What makes Amerson dynamic is his elite ball skills. He has the surest pair of hands that I’ve seen on a college defensive back since Dre Bly, cashing in on nearly all of his INT opportunities while accumulating an astonishing 18 thefts over the past two seasons. He gets pics by the pairs, netting a couple of interceptions in 4 different contests alone in 2011. His instincts are his second greatest asset. He thoroughly believes what he sees and breaks on intermediate throws without hesitation, the difference between a pass break-up and a turnover. He is very comparable to Asante Samuel in that regard, at his very best in an “off- corner” position where he can have vision on the quarterback and anticipate throws.

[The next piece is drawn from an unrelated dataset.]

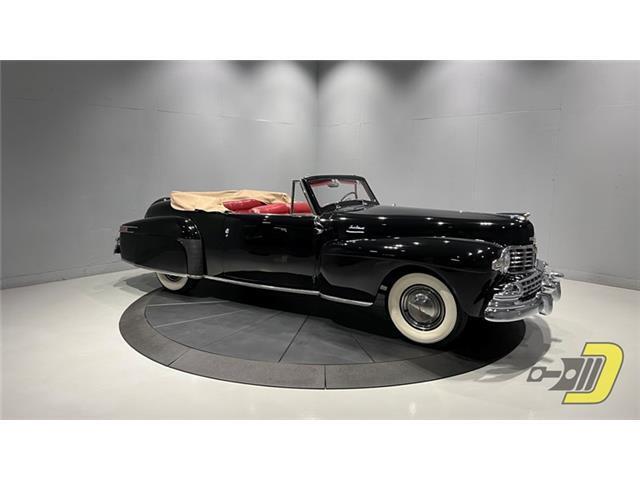 Lincoln-Continental-1948-Convertible-38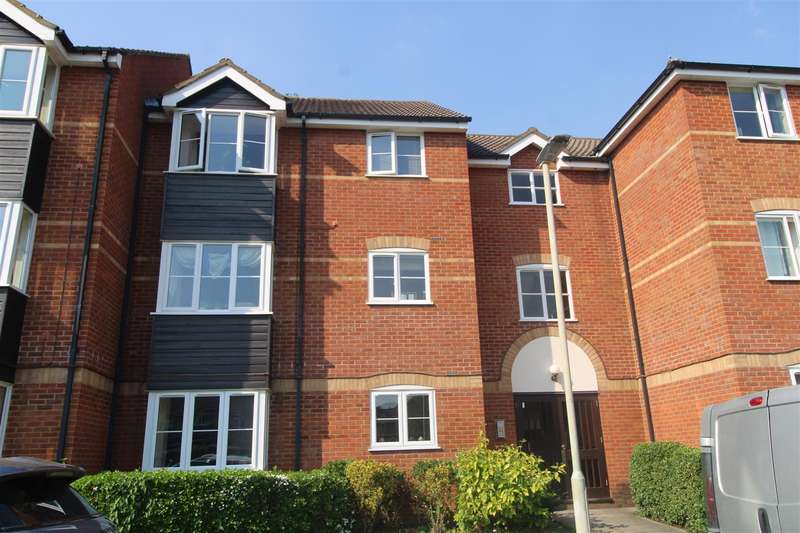 1 Bedroom Apartment To Rent In The Springs, Hertford, SG13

People often wonder why many of Samuels’s interceptions hit him right in his chest, it is his high level of anticipation that allows him to beat the receiver to the spot and steal his gift. No need to dive or be an acrobat when you believe in your film study and what your eyes are telling you. As a run defender, Amerson willingly sticks his face in the meat grinder and is an overall sound tackler for a corner having registered at least 50 stops in each of his 3 seasons.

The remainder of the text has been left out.